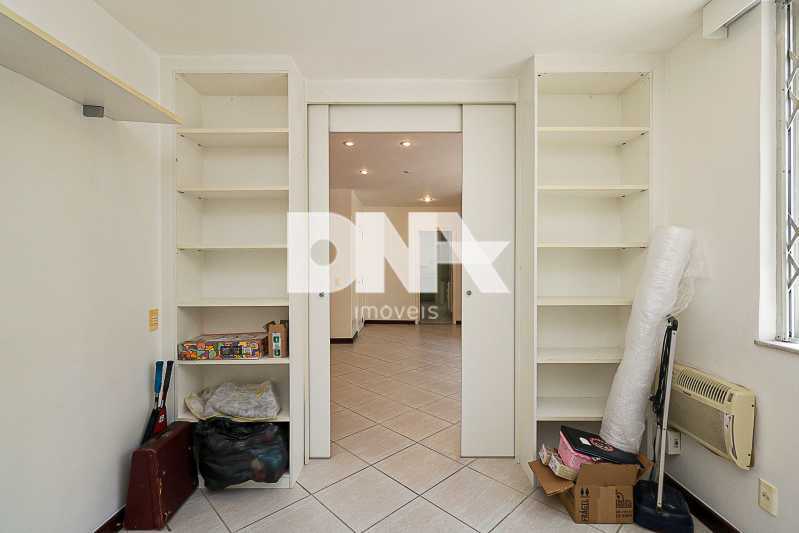 Conheça D5AE1BF3-8C9E-44A6-8718-BBDF84 do imóvel - Apartamento 4 quartos à venda Copacabana, Rio de Janeiro - R$ 2.000.000 - NCAP40549 - 24 D5AE1BF3-8C9E-44A6-8718-BBDF84 - 24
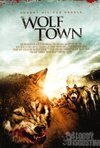Subtitrare Wolf Town (2010)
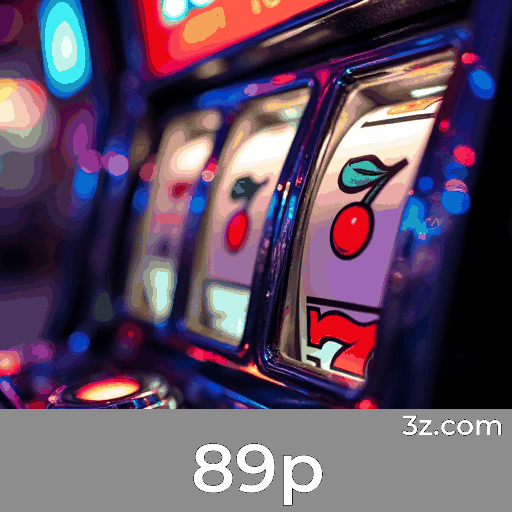 Login to 89p – Access Online Casino & Sports in Brazil 89p login page Brazil – secure online casino access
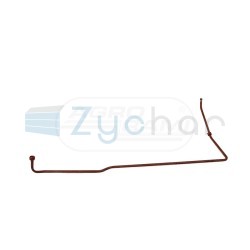 Przewód 88418030 88418030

→ Problem to work on
The line containing "Login to 89p" marks the start: set down exactly that line and every line after it through the last line of the data, without any pictures.

→ Reply
 Login to 89p – Access Online Casino & Sports in Brazil 89p login page Brazil – secure online casino access
 Przewód 88418030 88418030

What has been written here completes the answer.